After growing up in a rural area, I went to college at Princeton University, which was a huge culture shock for me. I didn’t come from an “intellectual” background at all. I went from a high school with a fish hatchery and no AP courses to Princeton. When I got there, I had no idea what planet I had landed on. Nothing made any sense to me. I had no idea how I could still be in the same country, speaking the same language, yet I couldn’t understand anything. Based in part on my interest in salmon, I was planning to go into some sort of scientific discipline. My first semester, I took physics, chemistry, and calculus, along with an anthropology class that fulfilled a writing requirement. It was an incredible course that helped me develop ways of thinking about the world that were incredibly helpful in dealing with the cultural differences between small-town Oregon and an Ivy League school. Anthropology resonated with me so much that I decided to completely change my trajectory and major in it.
However, at the same time that I came to be deeply passionate about anthropology and my new academic life at Princeton, I still felt profoundly connected to my hometown and its fish. There was a giant wall map of the United States in one of the hallways at Princeton. I would often sit on a bench in front of it and contemplate the cognitive, the emotional and physical distance between New Jersey and Oregon. They were totally different worlds for me, yet I also yearned to bring them together in some way. In an attempt to do so, I wrote an anthropology bachelor’s thesis on salmon-human relations along the Columbia River.
Derick: How did this early experience growing up in a fishing community in Oregon shape your fieldwork in Japan?
Heather: It drew me into all kinds of comparisons in Japan. As soon as they heard about my background, everyone in Japanese fisheries wanted me to make comparisons between the salmon fishing and management practices I knew from the U.S. and those I encountered in Japan. My experiences growing up in a fishing community elicited comparisons. I became an opportunity for the fishing industry people with whom I worked to engage in and enrich their own comparative practices. While my embodied presence as a white American elicited all kinds of comparative conversations in general, my experiences with salmon led to more specific salmon-focused comparisons.
My experience of growing up in a fishing community also shaped my research in Japan by inspiring it in an unusual way. I never contemplated studying in Japan until my second year of graduate school at UCSC, when I opened up a newly-published book called The Atlas of Pacific Salmon. For the first time, I saw salmon mapped in a trans-Pacific perspective as a species ranging from California to Japan. I had studied salmon quite a bit in high school, and after I finished my bachelor’s thesis, I had also worked at a salmon-related non-profit for three years. But until I opened that book, I had never even known that there were salmon in Japan. It had been possible to be seriously involved in salmon management in the U.S. without even knowing that Japanese salmon existed. When I encountered these maps, it was this moment of double reflection: I became intensely curious both about the salmon in Japan and about how I had managed to not know about them. What were the structures and power relations that allowed me not to know such a basic thing when I was pretty enmeshed in fisheries issues? I tried to find some English-language sources about salmon in Japan, but I found surprisingly little, which piqued my interest even more.
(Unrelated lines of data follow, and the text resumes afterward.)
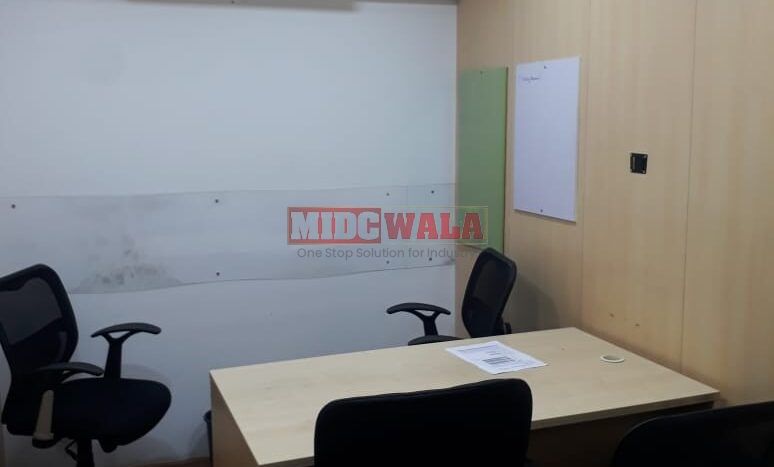 Photo of a professional office workspace with desks, chairs, and equipment, ready for immediate occupancy in Mahape, Navi Mumbai.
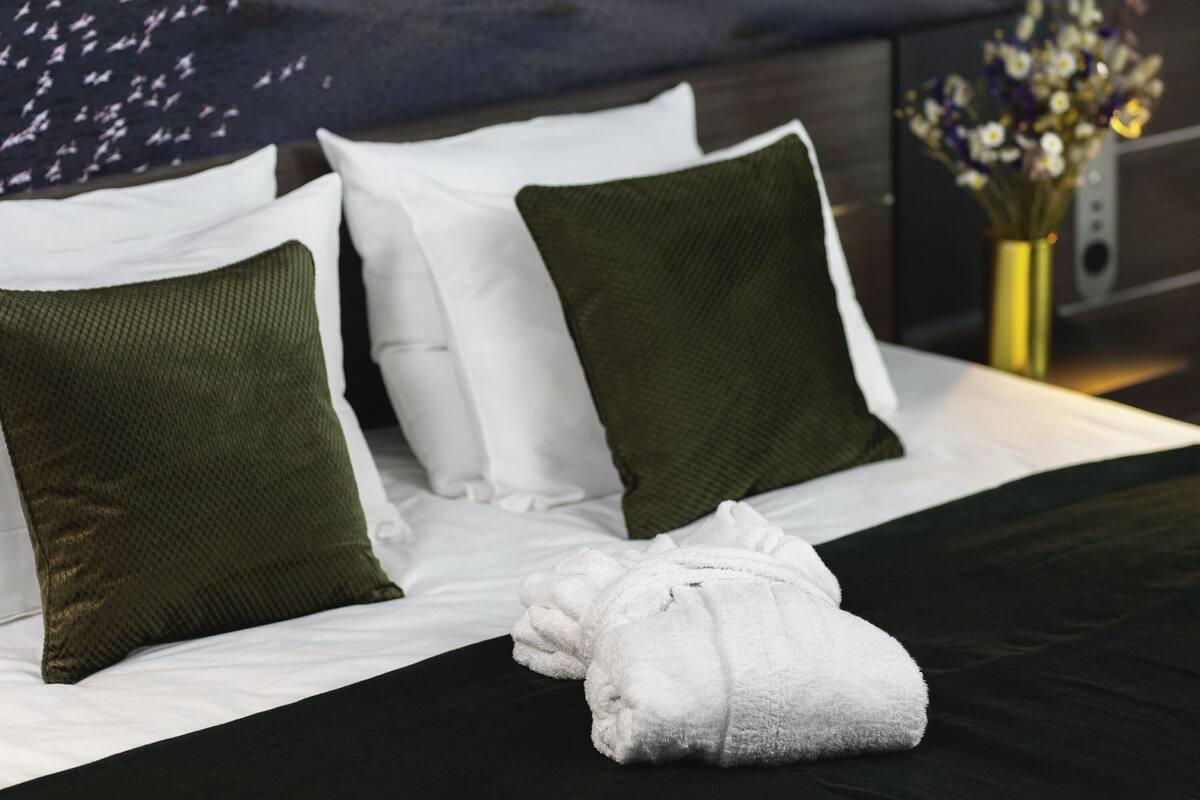 Hypo-allergenic bedding available, memory foam beds, in-room safe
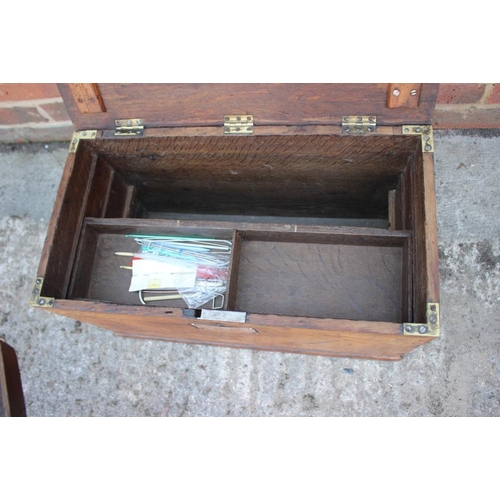 167 - A craftman's 19th century oak workbox with two sliding trays and wrought iron carry handles, 20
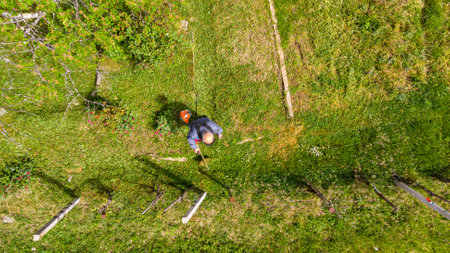 Drop down view of a person mowing lawn.の写真素材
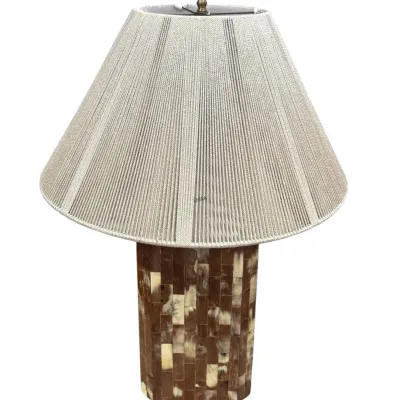Maitland-Smith style tessellated horn and bone table lamp, featuring a hexagonal column base and a pleated fabric shade.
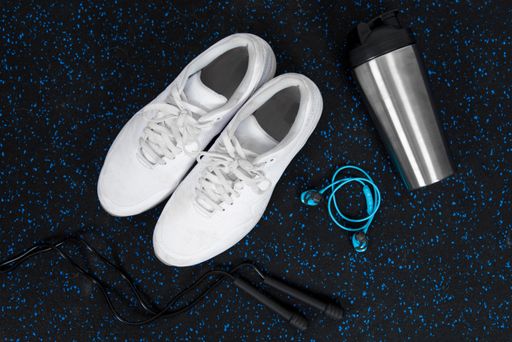 A top view of a pair of white trainers with a water bottle and headphones on the floor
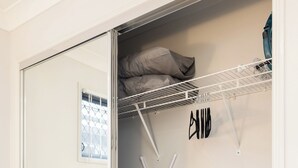 A compact room with a sliding closet door, a laundry basket, a vacuum cleaner, and a mop. - Modern Rocklea 2BR | Near Shops | Parking | 118D2 (Rocklea)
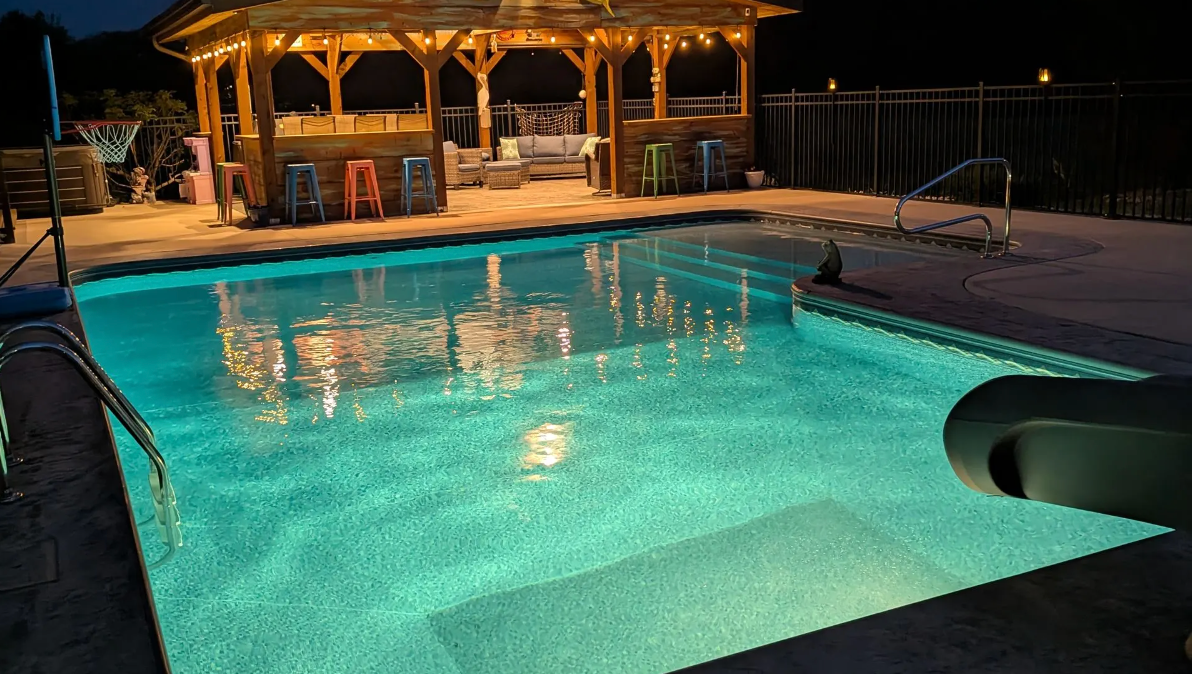 Lit swimming pool at night with a lit gazebo and patio beside it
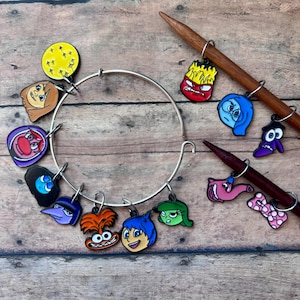 May include: A silver bangle bracelet with colorful enamel charms featuring characters from the movie Inside Out. The charms include Joy, Sadness, Anger, Fear, Disgust, Bing Bong, and a star. The bracelet is also shown with two wooden knitting needles with additional charms.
I’d never been to Japan, and my Japanese vocabulary consisted of “tsunami” and “sushi,” but somehow it seemed like an utterly reasonable idea for me to study salmon in Hokkaido. I felt that I needed to know about salmon from a place other than the region in which I grew up – and that I needed to know the salmon world in which I grew up by going somewhere else. I had to take two years off from the regular graduate school trajectory to learn Japanese. It was at once a crazy and wonderful idea, and I am so happy that my dissertation committee encouraged me to do it.
Derick: Your paper on Hokkaido develops some really interesting ideas about comparison – that salmon bodies are constituted through comparison, and that as anthropologists we should attend to our informants’ practices of comparison. Could you talk about how these ideas grew out of that fieldwork in Japan?
Heather: When I arrived in Japan, I was almost physically struck by comparison. It was everywhere. You can’t order breakfast in Japan without being asked to choose between a “Western” and a “Japanese” breakfast. But comparison became even more important when I began living with the vice president of a fisheries cooperative and his family. They were constantly making all kinds of comparisons in which “modernity” mattered (or, one might say, in which “modernity” emerged). For example, they were constantly comparing their business practices to those of the U.S. and Russia, comparing their lives as fishermen to those they might have had in Tokyo, or comparing their own pasts and presents. Comparison and the ability to “compare well” were so important to them that it became a real theme for my fieldwork. I also started tracing landscape histories while I was doing this ethnographic fieldwork with the fishermen’s cooperative, and I realized that I couldn’t understand either Meiji-era Japanese history or the actual changes in salmon bodies without understanding the same kinds of practices of comparison toward which the fishermen were pointing me. My Rappaport panel paper focuses largely on historical comparisons, but my attention to comparison primarily emerged from my work with the fishermen’s cooperative.
Oncorhynchus keta, a species often referred to in English as “chum salmon,” just after being harvested by a fishing cooperative along Hokkaido’s northern coast.
Derick: That leads nicely to the question of how this article fits into the larger dissertation project.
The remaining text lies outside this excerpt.